Plans to develop an Ultra-Poor Graduation (UPG) policy for poor households in Makueni County are at an advanced stage.
The ultra-poor households mostly refer to those led by women and are food insecure, have few or no assets, lack education, and also suffer from poor health, besides being victims of social exclusion.
The Executive for Trade, Marketing, and Co-operatives, Eng. Peter Mumo, said the policy will guide the county government on how to graduate the ultra-poor from the grassroots by capacity building and training the people in a bid to uplift their lives.
“We will identify such individuals and capacity build them before graduating them,” said Mumo, during a programme for the Makueni Ultra-Poor Graduation Policy stakeholders’ forum in a hotel in Wote town.
“The policy is to give us an opportunity to get resources from the government and development partners. This is not an event, but a process that should be sustainable,” he added.
The County Executive lauded a local NGO, Village Enterprise, for facilitating the government in developing the policy, which is currently in draft form.
According to the Kenya Poverty Report of 2021, the Monetary Poverty Rate (MPR) for Makueni County is 39.7%, which is slightly higher than the national rate of 38.6%, with approximately 392,623 people in Makueni being monetarily poor.
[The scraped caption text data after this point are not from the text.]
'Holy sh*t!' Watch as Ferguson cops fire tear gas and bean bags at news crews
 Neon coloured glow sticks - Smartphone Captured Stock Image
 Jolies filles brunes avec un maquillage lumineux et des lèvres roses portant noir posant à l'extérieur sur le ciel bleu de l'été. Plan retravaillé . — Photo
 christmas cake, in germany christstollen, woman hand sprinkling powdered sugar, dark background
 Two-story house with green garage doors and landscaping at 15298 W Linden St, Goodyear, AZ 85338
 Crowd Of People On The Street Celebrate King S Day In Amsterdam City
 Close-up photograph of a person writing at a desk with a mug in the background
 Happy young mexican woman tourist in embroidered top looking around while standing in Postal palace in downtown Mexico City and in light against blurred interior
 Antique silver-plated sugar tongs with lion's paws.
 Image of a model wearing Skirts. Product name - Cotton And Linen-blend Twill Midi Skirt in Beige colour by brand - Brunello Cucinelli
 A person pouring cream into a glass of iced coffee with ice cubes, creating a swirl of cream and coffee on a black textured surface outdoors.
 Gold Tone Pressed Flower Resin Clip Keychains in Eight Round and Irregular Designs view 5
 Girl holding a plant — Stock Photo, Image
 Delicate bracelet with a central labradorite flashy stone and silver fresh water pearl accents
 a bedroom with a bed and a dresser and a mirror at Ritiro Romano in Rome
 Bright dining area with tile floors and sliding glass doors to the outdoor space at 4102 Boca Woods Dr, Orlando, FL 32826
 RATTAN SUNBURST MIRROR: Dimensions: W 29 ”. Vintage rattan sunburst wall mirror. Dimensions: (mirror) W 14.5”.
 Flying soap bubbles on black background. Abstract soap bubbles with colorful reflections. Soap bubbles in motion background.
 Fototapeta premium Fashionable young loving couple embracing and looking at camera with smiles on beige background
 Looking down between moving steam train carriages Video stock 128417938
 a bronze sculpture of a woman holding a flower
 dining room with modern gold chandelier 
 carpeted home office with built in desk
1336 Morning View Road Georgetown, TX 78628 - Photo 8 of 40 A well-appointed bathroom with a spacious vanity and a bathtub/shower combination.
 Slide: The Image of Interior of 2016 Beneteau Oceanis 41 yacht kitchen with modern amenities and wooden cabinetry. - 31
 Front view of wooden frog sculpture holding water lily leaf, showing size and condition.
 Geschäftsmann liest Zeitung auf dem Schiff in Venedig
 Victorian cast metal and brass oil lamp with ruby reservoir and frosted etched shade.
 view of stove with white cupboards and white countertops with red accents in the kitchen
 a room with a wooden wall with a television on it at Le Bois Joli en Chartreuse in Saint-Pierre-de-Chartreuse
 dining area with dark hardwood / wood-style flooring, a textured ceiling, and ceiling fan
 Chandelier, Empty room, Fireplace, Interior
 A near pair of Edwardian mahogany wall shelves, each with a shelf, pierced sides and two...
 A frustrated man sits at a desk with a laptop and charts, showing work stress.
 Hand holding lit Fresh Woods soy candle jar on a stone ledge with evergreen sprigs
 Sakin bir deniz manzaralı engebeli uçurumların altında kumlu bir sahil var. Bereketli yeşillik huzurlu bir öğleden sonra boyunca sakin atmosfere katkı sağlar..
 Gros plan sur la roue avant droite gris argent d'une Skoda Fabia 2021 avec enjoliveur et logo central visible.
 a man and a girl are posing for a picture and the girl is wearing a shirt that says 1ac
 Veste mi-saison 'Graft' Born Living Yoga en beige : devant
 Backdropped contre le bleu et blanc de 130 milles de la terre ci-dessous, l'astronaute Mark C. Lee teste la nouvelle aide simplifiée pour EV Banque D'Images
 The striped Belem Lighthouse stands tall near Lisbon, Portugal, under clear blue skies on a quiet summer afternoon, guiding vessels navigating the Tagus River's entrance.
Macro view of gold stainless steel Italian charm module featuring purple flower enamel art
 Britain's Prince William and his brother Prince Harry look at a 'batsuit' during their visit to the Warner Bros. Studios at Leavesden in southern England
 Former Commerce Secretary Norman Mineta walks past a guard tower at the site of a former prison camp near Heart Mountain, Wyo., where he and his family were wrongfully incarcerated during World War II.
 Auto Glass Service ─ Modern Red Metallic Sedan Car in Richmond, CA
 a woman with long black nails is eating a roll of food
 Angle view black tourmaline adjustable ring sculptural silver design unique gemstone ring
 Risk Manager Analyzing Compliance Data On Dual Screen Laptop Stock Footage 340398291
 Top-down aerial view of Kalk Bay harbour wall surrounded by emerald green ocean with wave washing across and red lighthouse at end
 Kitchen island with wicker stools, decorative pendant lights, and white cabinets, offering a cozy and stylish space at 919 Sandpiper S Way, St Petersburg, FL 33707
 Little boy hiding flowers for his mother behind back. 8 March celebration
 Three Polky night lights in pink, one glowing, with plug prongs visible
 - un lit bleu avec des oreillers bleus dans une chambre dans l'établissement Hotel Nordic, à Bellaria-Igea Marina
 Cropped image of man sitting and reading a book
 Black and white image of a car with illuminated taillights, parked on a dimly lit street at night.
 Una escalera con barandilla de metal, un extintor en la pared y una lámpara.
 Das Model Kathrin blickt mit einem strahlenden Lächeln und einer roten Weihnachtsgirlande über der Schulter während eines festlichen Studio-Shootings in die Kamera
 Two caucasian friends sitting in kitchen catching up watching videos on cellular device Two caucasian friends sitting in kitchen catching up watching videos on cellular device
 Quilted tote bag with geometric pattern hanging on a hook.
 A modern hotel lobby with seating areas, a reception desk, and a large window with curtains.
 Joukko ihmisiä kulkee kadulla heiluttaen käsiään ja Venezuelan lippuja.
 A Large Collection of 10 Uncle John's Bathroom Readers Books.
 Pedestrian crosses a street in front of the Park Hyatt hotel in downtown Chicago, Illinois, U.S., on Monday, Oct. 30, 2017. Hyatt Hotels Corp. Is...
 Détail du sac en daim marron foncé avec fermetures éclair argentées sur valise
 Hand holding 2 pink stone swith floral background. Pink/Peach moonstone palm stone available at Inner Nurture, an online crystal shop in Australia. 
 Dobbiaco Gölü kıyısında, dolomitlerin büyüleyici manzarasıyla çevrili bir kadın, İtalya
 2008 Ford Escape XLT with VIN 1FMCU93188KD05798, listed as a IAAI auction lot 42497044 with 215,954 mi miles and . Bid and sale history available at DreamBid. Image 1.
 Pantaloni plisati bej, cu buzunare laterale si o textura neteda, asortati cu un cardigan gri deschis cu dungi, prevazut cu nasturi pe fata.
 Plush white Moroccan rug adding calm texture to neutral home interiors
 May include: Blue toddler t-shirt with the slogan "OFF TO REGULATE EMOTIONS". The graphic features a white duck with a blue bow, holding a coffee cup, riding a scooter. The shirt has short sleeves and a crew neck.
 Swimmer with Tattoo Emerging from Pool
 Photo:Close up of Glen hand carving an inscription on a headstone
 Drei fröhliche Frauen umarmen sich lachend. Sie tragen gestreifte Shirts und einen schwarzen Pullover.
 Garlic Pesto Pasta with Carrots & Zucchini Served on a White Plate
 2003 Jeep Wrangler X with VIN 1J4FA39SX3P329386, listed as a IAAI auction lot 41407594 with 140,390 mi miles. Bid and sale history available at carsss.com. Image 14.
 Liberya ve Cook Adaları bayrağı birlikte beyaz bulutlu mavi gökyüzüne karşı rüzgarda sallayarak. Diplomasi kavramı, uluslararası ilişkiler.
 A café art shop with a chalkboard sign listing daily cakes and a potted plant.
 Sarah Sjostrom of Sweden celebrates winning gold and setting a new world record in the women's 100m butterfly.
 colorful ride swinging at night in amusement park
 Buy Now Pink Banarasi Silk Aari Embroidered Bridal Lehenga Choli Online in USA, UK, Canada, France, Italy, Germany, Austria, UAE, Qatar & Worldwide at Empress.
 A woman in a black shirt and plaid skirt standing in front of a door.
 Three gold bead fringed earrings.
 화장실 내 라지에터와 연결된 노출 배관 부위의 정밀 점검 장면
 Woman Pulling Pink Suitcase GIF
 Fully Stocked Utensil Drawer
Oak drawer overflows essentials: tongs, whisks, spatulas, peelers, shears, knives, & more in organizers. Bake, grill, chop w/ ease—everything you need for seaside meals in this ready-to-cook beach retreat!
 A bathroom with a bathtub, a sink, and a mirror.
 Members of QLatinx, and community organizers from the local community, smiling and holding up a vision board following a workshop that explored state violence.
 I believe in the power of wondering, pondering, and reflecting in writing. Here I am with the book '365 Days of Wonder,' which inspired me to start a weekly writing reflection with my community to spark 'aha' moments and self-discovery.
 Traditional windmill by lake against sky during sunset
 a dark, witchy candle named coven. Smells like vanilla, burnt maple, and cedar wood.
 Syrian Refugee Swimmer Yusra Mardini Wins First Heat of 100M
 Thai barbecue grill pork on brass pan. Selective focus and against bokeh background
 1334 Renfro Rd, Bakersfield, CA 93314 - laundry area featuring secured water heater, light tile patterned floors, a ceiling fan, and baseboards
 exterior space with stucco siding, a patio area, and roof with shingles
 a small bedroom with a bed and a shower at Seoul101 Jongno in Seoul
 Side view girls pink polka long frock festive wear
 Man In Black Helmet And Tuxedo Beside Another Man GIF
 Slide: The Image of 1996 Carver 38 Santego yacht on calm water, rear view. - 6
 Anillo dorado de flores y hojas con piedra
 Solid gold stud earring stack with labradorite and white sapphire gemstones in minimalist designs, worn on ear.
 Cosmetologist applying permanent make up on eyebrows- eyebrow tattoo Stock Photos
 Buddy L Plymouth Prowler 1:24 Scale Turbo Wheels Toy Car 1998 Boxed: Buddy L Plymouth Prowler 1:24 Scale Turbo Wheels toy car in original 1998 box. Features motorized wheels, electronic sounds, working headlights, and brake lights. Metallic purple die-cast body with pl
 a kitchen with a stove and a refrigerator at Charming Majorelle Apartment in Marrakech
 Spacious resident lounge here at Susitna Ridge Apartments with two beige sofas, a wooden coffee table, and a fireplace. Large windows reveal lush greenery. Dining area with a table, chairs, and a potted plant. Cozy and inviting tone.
Speaking at the same forum, the Project Manager-Policy and Advocacy at Village Enterprise, John Ochieng, said that the county governments should ensure nobody lives below poverty by providing a framework to uplift the lives from abject poverty.
The draft policy has already undergone public participation and is to be presented to the County Executive for approval before it is taken to the Makueni County Assembly.
The forum was attended by relevant departmental heads and development partners, who gave their input to address the existing gaps in the proposed policy.